======== Available data
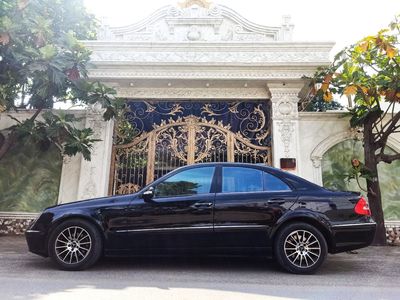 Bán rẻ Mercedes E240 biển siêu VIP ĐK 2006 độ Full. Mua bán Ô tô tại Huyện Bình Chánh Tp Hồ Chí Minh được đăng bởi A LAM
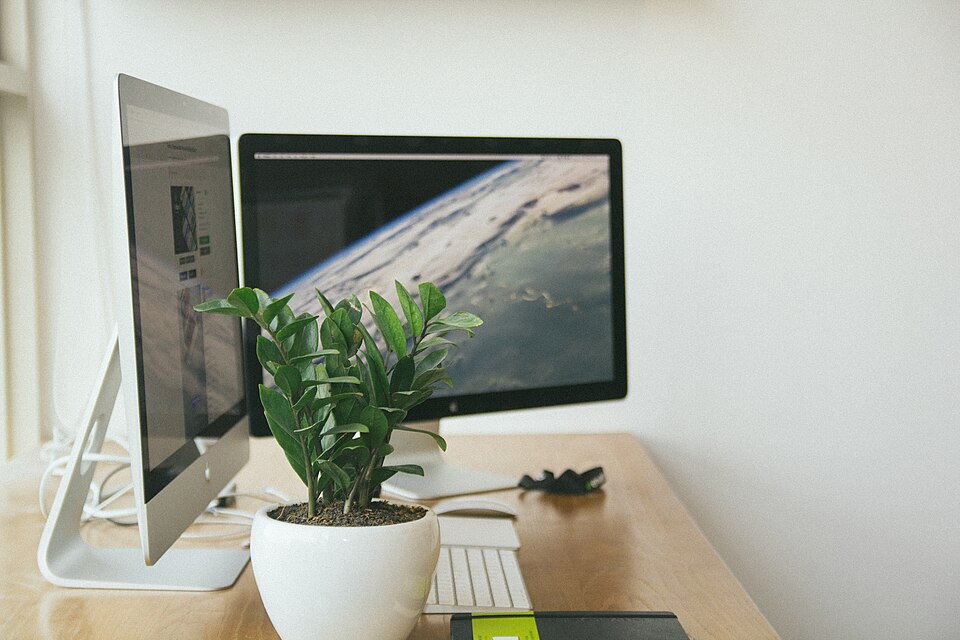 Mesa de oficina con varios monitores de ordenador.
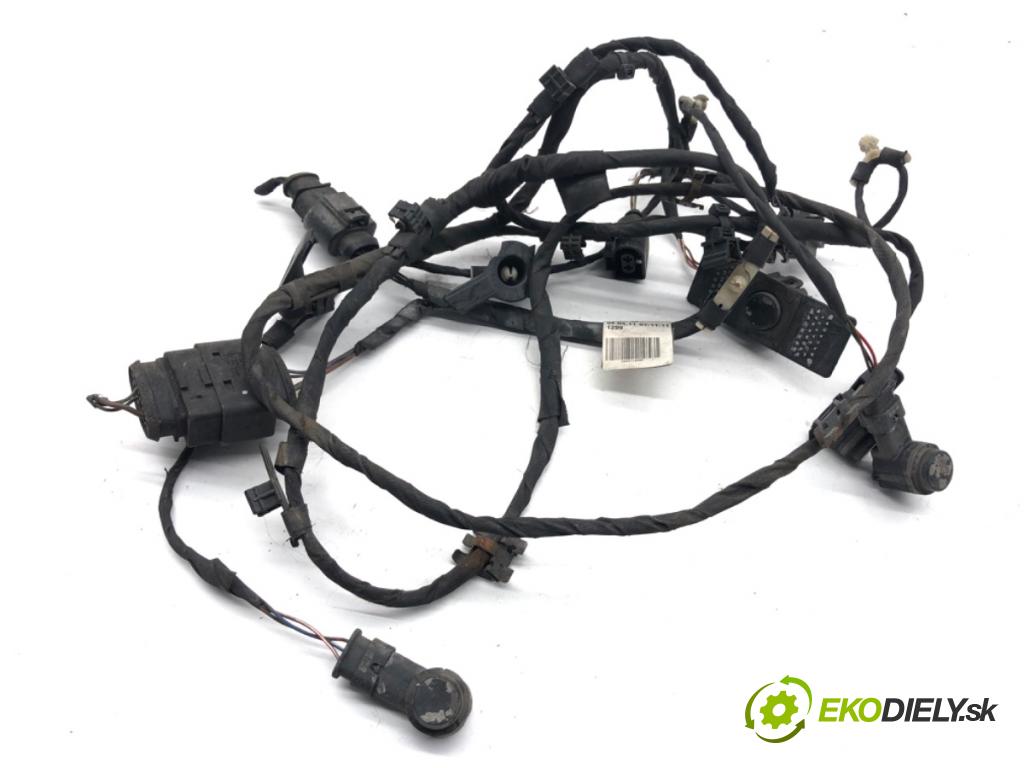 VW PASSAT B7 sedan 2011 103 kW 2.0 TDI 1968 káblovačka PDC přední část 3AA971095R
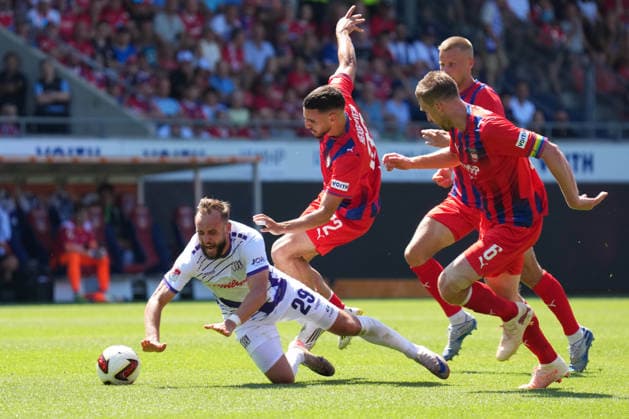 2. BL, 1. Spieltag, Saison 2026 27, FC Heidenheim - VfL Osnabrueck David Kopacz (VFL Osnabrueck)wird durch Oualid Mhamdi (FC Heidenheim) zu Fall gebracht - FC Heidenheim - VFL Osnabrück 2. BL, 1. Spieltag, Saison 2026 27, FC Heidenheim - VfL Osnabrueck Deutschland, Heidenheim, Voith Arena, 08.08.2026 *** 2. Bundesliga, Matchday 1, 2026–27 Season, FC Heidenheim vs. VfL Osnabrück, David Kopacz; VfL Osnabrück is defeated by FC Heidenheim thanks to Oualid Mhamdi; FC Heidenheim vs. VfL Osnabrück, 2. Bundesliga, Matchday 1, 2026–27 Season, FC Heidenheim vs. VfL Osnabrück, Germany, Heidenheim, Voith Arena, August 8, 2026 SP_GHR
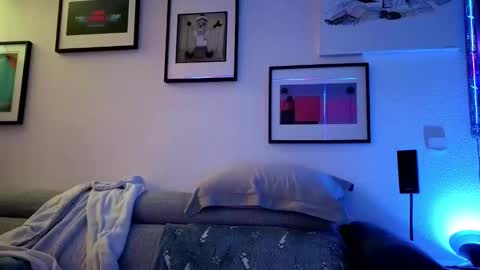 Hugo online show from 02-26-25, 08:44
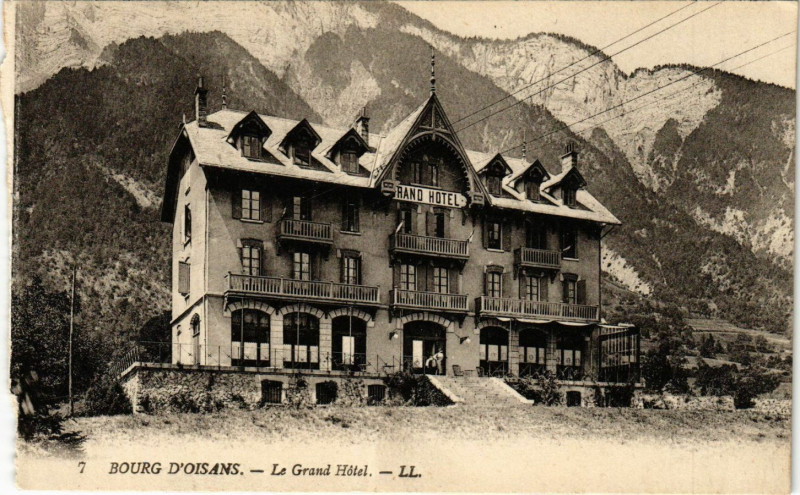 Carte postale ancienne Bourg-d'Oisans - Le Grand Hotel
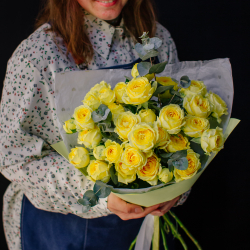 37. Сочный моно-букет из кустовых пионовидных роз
================
Work to complete:
Write out the lines of the entries above exactly, beginning with the first and ending with the line that contains "VW PASSAT B7". No picture goes in.

Solved exercise:
 Bán rẻ Mercedes E240 biển siêu VIP ĐK 2006 độ Full. Mua bán Ô tô tại Huyện Bình Chánh Tp Hồ Chí Minh được đăng bởi A LAM
 Mesa de oficina con varios monitores de ordenador.
 VW PASSAT B7 sedan 2011 103 kW 2.0 TDI 1968 káblovačka PDC přední část 3AA971095R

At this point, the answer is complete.